Заметим, что как ни разу Ариэль не называет проект «романом» (а только «книгой», «делом», «туфтой»), так же ни разу он не говорит о «читателе» будущего романа, а только о «покупателях», «головах», «общей цифре», «сумме». «Сумма покупателей», «стадо голов» по определению подлежат разве что социологическому или статистическому анализу. Этот уровень постановки проблемы читателя, как видно, не слишком занимает автора романа; в его системе координат современной культуры массовый читатель - всего лишь статистическая единица непросвещенной публики, статистическая абстракция, с которой управляются «идиоты-маркетологи».

Но на втором уровне проблема читателя оказывается ключевой для романа. Ставится она на этом уровне принципиально иначе: если в первой части романа читатель был одним из участников литературного рынка, то во второй части слово «читатель» обозначает разные вещи, сюжетно - некую мистикофилософскую категорию, приписываемую философской системе В.С. Соловьева.

В этой части граф Т. оказывается в «Петербурге Достоевского» - в мире компьютерной игры-шутера, сделанной на экспорт для рынка компьютерных игр. Авторская постмодернистская ирония сводит вместе красавца-графа Т., Достоевского, православного киллера «мертвых душ», который «от радиации» постоянно прикладывается к бутылке; Победоносцева, хранителя древнего тайного культа; святого старца-молельника Федор Кузьмича, который обитает в петербургской клоаке и оказывается легендарным двуглавым императором Петропавлом. Все эти встречи есть история приближения графа Т. к Владимиру Соловьеву, к его мистическому учению о Читателе.

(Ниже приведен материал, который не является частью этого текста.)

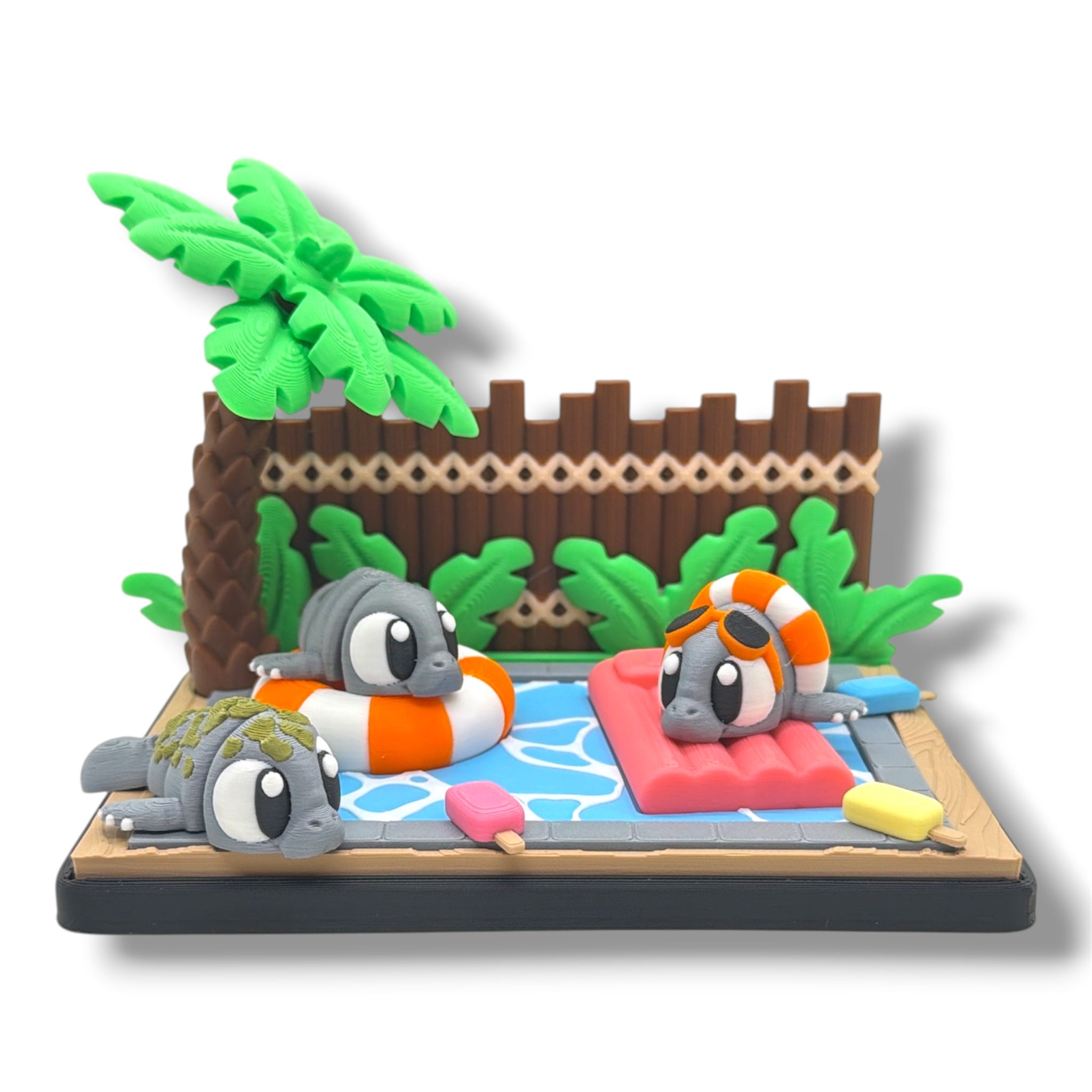 Manatee Pool Party – Mini Pool Playset - Desk Decor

«Петербург Достоевского» окончательно проясняет метод работы Пелевина: он использует имена золотого фонда русской культуры, полностью лишая их соответствующей исторической и идейной наполненности. Автор предельно упрощает сложившиеся на уровне массового сознания стереотипные представления о великих писателях: Толстой -граф, Достоевский - опасный экстремист. Такое

намеренное отсекание связей с реальными прообразами, такое их радикальное преобразование оставляет от них только имена - пустые знаки, названия «интеллектуальных брендов». Все якобы интертекстуальные отсылки (к статье Достоевского о В. Соловьеве, «реалистическая» сцена в Ясной Поляне с участием Софьи Андреевны и Черткова) на самом деле не опираются ни на какие реально существующие тексты или факты, а являются чистой фантазией автора. Пелевин конструирует видимость присутствия в «1» интертекста русской культуры. Исторические факты, которые могли бы быть обыграны в сюжете романа, например, совместное посещение Оптиной Пустыни Достоевским и Соловьевым, автора не интересуют. Не стоит искать в философских рассуждениях персонажей реальных точек соприкосновения с комплексом идей великих русских романистов, в том числе с их раздумьями о читателе. Восстановление их эстетики - труд, требующий навыков, похоже, утраченных современной массовой культурой; ни автор «1» не считает это предприятие целесообразным, ни его читатели не ожидают ничего подобного от текста. На место разрушенной, ставшей недоступной массовому читателю культуры, сохраняя ее опознавательные знаки (имена писателей, отдельные описательные и стилевые приемы даже не самой литературы XIX века, а ее «аку-нинской» версии), автор предлагает идейную конструкцию, в рамках которой Деррида пожимает руку Будде: «все на свете - просто текст, а лист, перо и чернила у того, кто чертит буквы» [4, с. 163]; «бесконечно сменяющие друг друга наваждения и есть наша единственная природа» [4, с. 222]; «человек -это временное искривление пустоты» [4, с. 299]; «человек есть не отдельное существо, каким себя воображает, а волна, проходящая по единому океану жизни.» [4, с. 330]. Все это Пелевин неоднократно говорил в своих предыдущих произведениях, но в «1» в этой монотонной мелодии солипсизма появляется новая нота, и связана она с проблемой читателя.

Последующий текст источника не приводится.